Lets use these to calculate the quantile for the 2% AEP.

First, we need a quantile function based on equation 1 above then input the required parameters.  The quantile function needs to take account of the change in formula when $\kappa$  = 0.  This can cause numerical issues as $\kappa$ approaches 0 which can be overcome by interpolating between points on either side of zero.  A similar approach was used in the FindKappa function above.  For further details, see this Stackoverflow discussion.

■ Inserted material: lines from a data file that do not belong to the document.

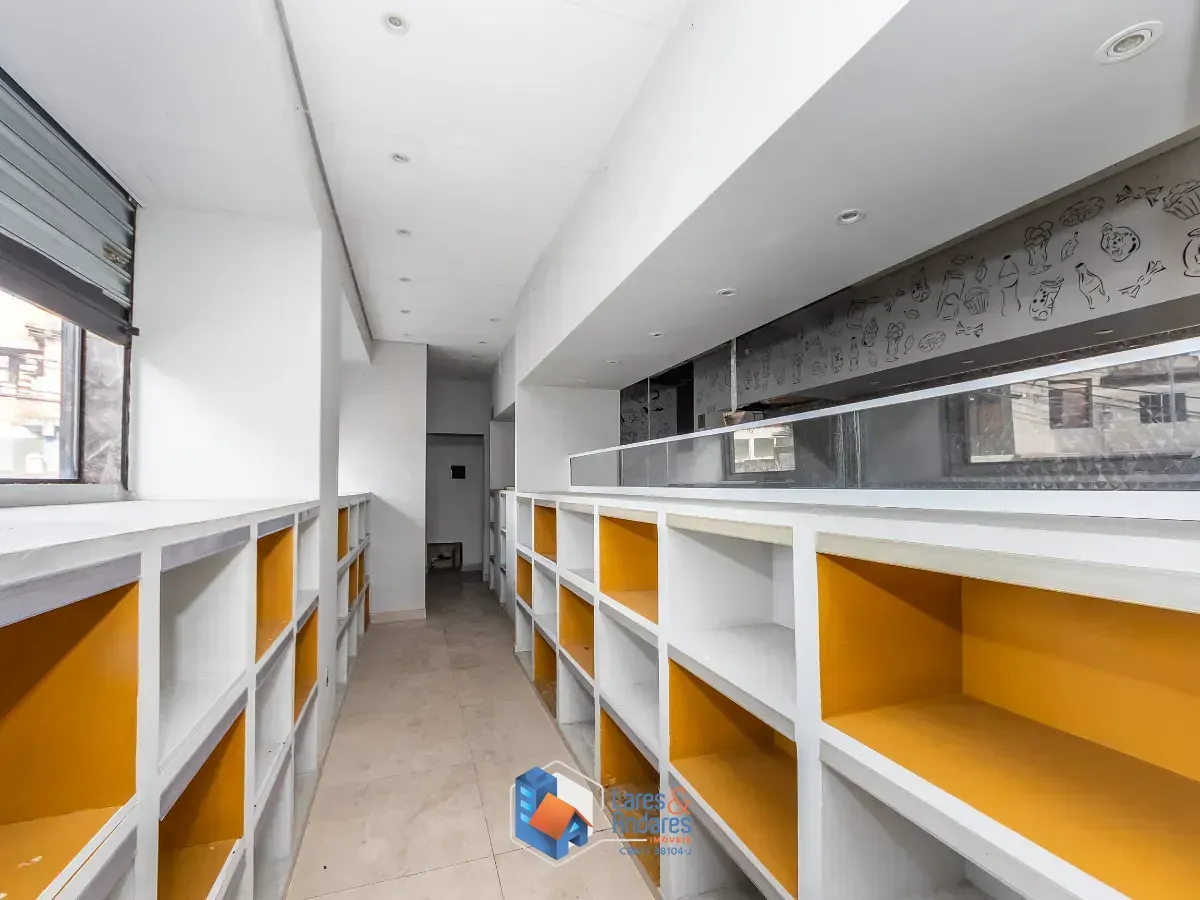 Imagem Conjunto comercial para venda em Vila Brasilândia, 264m²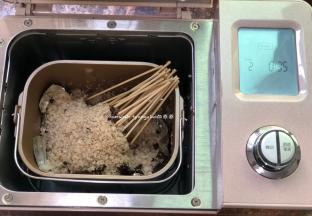 再把所剩的另一半海盐铺垫在虾的上面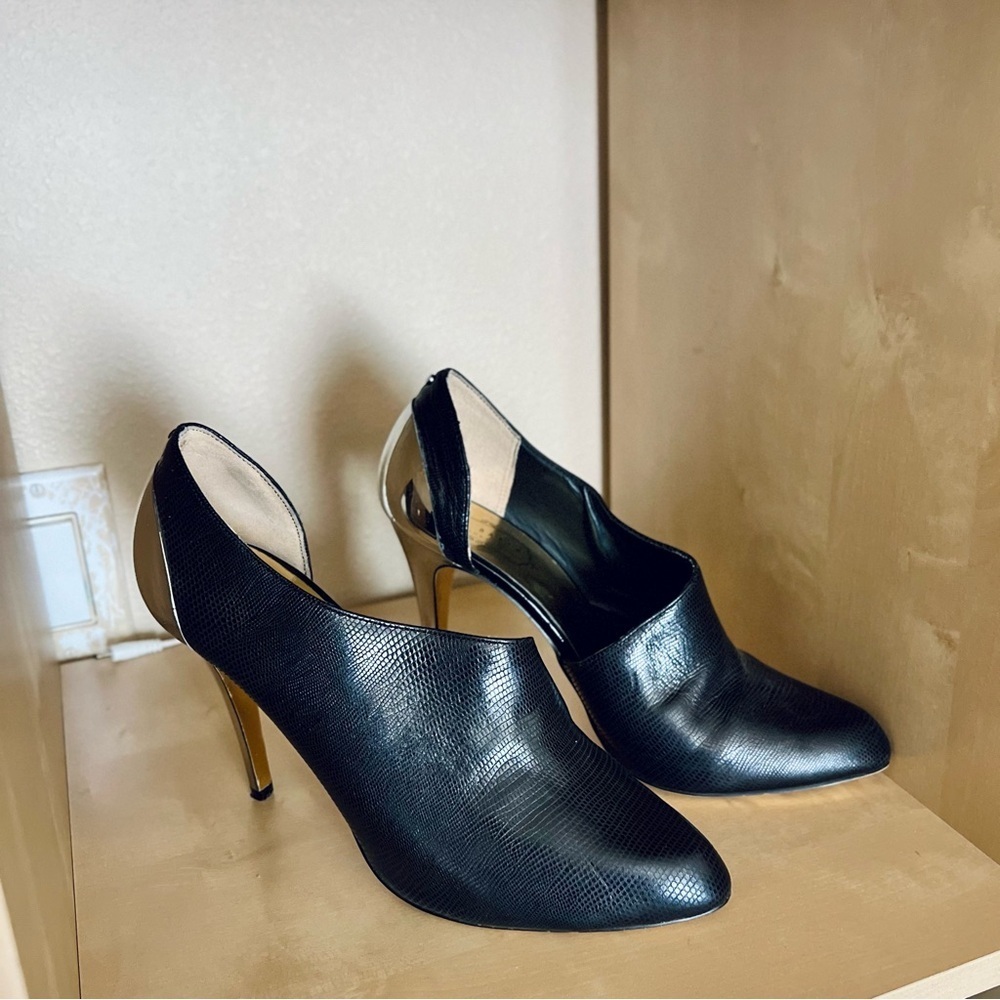 Ted Baker London Black Stilettos with Metallic Heels Gold size 40 (US 9/9.5) - Picture 2 of 10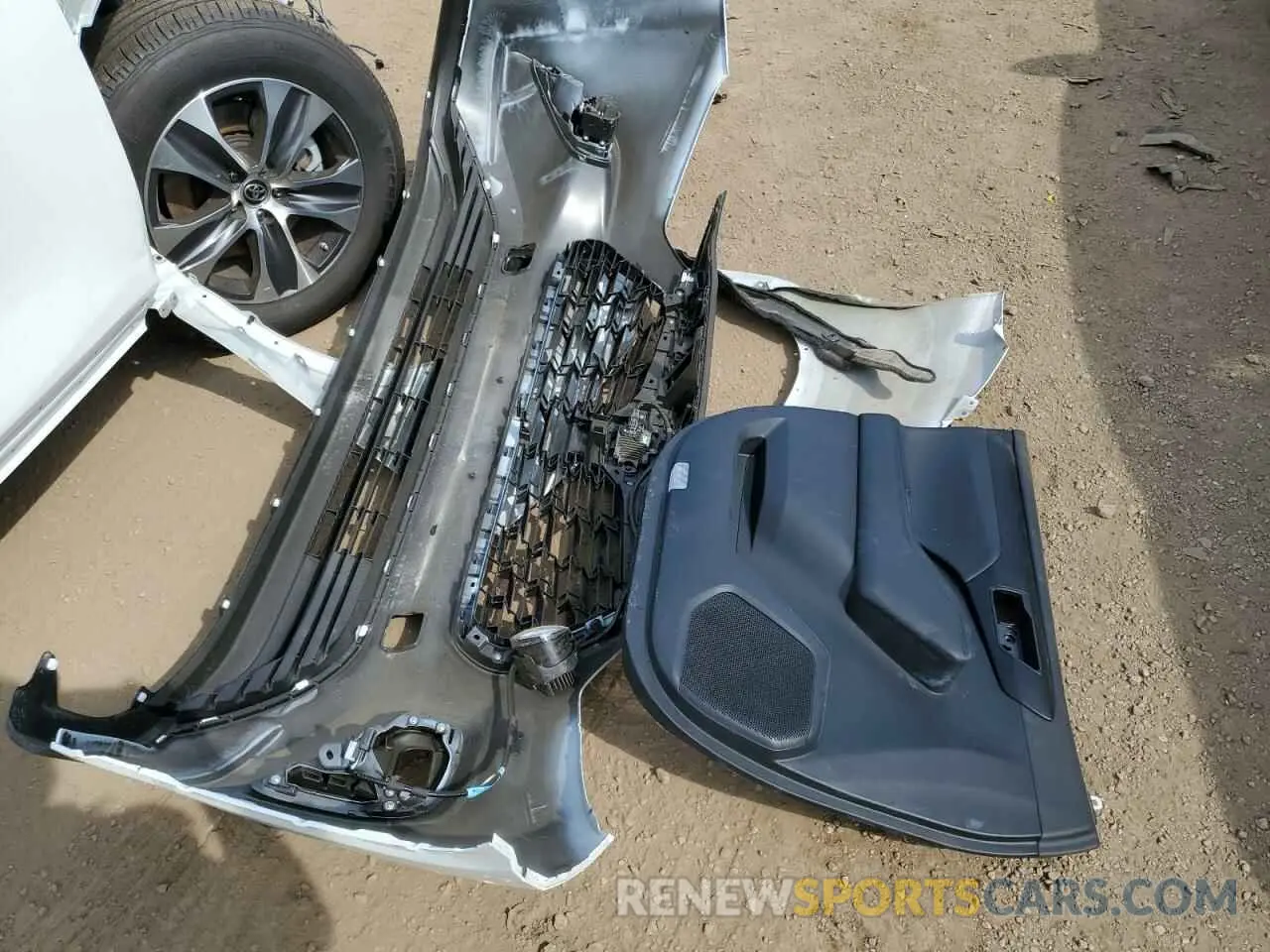 12 fotografías del automóvil dañado 5TDKDRBH7RS565926 TOYOTA HIGHLANDER 2024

Qgev <- function(p, location, scale, k){
# p is an exceedance probability

.F <- function(p, location, scale, k) {
(location + (scale/k)*((-log(1-p))^-k - 1))
}

k1 <- -1e-7
k2 <- 1e-7
y1 <- .F(p, location, scale, k1)
y2 <- .F(p, location, scale, k2)

F_nearZero <- approxfun(c(k1, k2), c(y1, y2))

if(k > k1 & k < k2) {
return(F_nearZero(k))
} else {
return(.F(p, location, scale, k))
}
}

Qgev(0.02, 64.52434, 18.45587, 0.08884866)
# [1] 150.5977



The predicted 24 hour, 2% rainfall depth is 150.6 mm.

Probability of a given amount of rainfall

So far we’ve been working to predict the rainfall depth for a given Annual Exceedance Probability.  It is also possible to calculate the Annual Exceedance Probability given a rainfall depth.

Example:

On a wet day there was 140 mm in 24 hours.  What was the AEP of this event?

Here we need the distribution function for the GEV which is available in the evd package.  Using the parameters calculated before:

library(evd)
evd::pgev(q = 140, loc = 64.50045, scale = 18.47377, shape = 0.08856304, lower.tail = FALSE )
# [1] 0.0300979



Therefore, 140 mm of rain in 24 hours has an AEP of 3%.